Strasbourg, 5 June 2009
Letter addressed to all Permanent Representatives of the 47 Council of Europe member states of Thomas Hammarberg, Council of Europe Commissioner for Human Rights, following his visit to Washington DC.
This is a letter that I address to all Permanent Representatives of the 47 Council of Europe member states following my visit to Washington DC on 1 and 2 June and concerns the possibility of resettlement to member states of certain detainees from the Guantánamo detainee facility.
As you know, the US President has ordered the closure of the prison camp. The US administration is now working for this closure by January 2010 at the latest. Ambassador Daniel Fried at the State Department has been appointed as Special Envoy for Closure of the Guantánamo Detainee Facility. During my visit to Washington DC I met with him, as well as with representatives of the National Security Council at the White House and of the Department of Defence.
Based on these discussions, I am convinced about the US authorities’ determination to go ahead with the closure and the urgent need of effective support by European states to contribute to the attainment of this goal.
The Guantánamo prison camp has become a world-wide symbol of injustice and oppression, which has stained the US but to some extent also some other countries given the inter-state transfers to Guantánamo that have occurred, as reported by the Council of Europe Parliamentary Assembly and others. Resolutions 1340 (2003) and 1433 (2005) of the Assembly attest to the fact that the serious affronts to the rule of law that have occurred in Guantánamo are very much also a matter of serious concern to Europe. I recall furthermore that USA has an observer status with the Council of Europe.
There have been 778 persons from various countries who have been detained in Guantánamo. The first arrived hooded and shackled on 11 January 2002. The number of the remaining detainees is today 240. Expert reports have made clear that the majority of the Guantánamo detainees have not committed hostile acts against the US or its allies, only less than ten per cent have been characterized as al-Qaeda fighters and several of them are no more than “volunteer foot soldiers”.

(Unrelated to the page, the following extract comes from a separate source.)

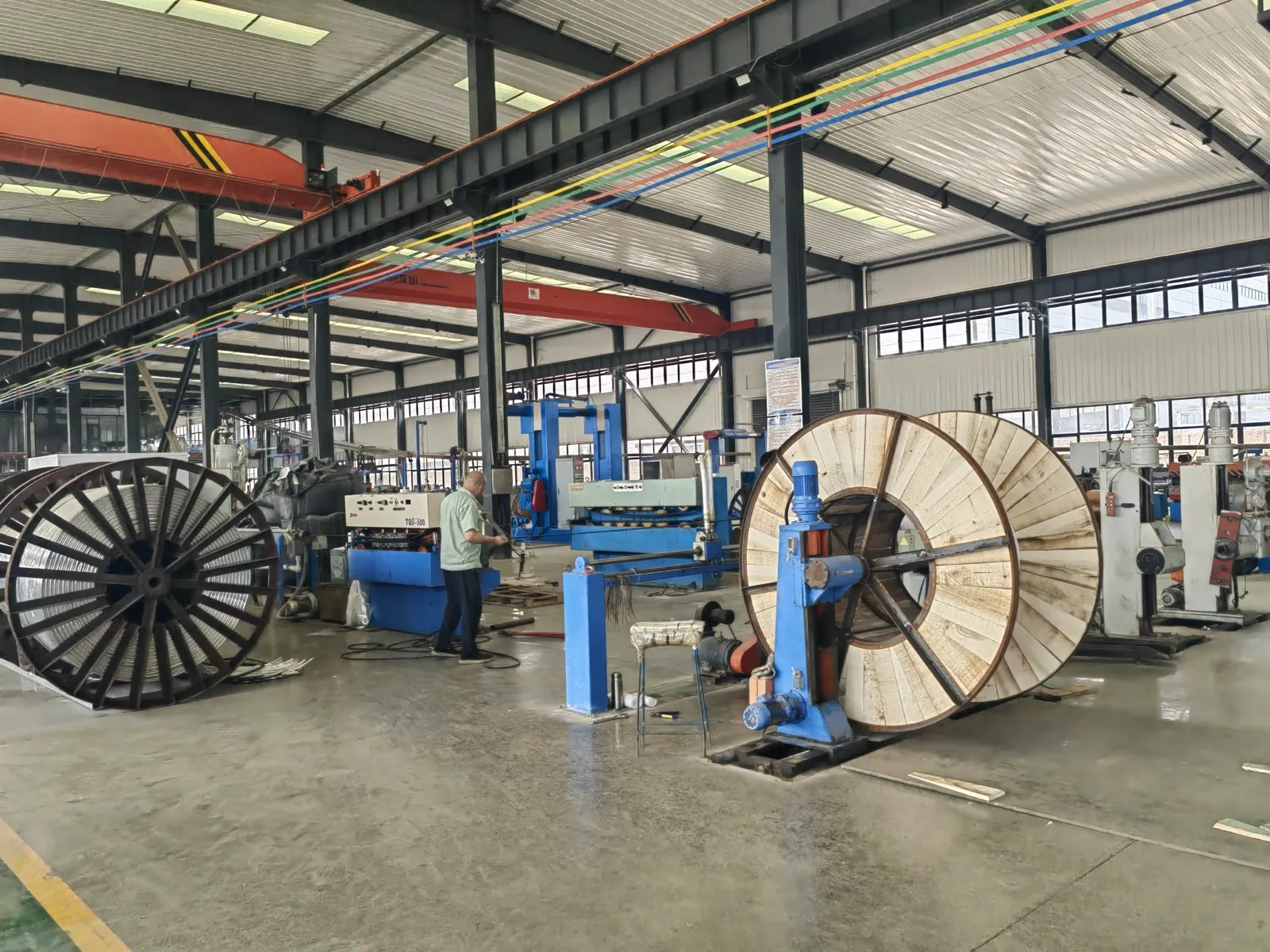 Cable production workshop with extrusion lines and finished drums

Among the current detainees there are approximately fifty persons who are ‘cleared for release’ by the US authorities but cannot be repatriated because they are stateless or likely to face torture or other serious human rights violations if forcibly returned to their home countries. They come from various countries such as Algeria, China, Libya, the Occupied Palestinian Territories, Russia, Syria, Tajikistan, Tunisia and Uzbekistan.
While Council of Europe member states have accepted their own nationals who had been in Guantánamo, certain others, such as Albania, France, Sweden and the United Kingdom, have also accepted non-citizens from Guantánamo. Authorities from a number of other member states have made public their willingness to accept non-citizen Guantánamo detainees. Last April the EU ministers for justice and the interior started to work towards a EU response to the closure of Guantanamo that would include possible provision of residence for persons ‘cleared for release’ but cannot return to their countries of origin for ‘compelling reasons’.
It is beyond doubt that a number of the Guantánamo detainees are in need of international protection. Reliable reports have indicated that some of those released and returned to their home countries have suffered serious human rights violations, such as torture and unlawful detention.
I made the point during my visit that the US authorities must offer at least to some of the ‘cleared’ detainees with protection needs a possibility to settle down in the United States. This was well received by my interlocutors though the recent Congress discussion had not been helpful in this respect. I have, however, reason to believe that such offers will indeed be given. However, it is likely that some detainees would not, for obvious reasons, accept to stay in the country. It is for this major reason that European states should lend a hand.
In view of the above, I would like to call upon your government, along with other member state governments, to consider receiving some few released detainees for whom return home is not really an option. Such transfers should of course be voluntary in nature.
I believe that such a decision by Council of Europe member states will constitute not merely a gesture of a humanitarian nature. They will in effect strengthen their fight against terrorism by reaffirming that all measures taken to prevent or suppress terrorist offences have to respect the rule of law and democratic values, human rights and fundamental freedoms, for which the Council of Europe was created and has worked for sixty years now.